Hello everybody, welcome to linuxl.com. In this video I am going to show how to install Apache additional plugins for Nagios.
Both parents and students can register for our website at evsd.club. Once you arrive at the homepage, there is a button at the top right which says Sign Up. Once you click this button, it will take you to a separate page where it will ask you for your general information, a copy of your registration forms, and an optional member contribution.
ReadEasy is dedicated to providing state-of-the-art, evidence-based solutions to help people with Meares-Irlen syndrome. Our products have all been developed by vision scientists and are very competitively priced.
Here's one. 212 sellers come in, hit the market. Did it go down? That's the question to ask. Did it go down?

:::::

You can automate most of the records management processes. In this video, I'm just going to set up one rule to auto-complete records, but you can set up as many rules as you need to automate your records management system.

:::::

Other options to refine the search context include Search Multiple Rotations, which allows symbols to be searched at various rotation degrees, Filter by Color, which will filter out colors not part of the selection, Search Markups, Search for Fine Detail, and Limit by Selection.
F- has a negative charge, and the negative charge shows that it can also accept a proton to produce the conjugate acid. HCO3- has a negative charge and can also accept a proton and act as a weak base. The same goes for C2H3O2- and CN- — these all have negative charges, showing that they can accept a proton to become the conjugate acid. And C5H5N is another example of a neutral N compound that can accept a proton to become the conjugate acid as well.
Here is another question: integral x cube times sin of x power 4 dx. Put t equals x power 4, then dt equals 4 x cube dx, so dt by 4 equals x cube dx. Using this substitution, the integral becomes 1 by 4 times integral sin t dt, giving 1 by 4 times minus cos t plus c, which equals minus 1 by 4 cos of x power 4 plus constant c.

:::::

* [ASSIGNED TASK]: State the number of lines in the records that include the word "have", and add nothing to it.

* [FINISHED TASK]: 2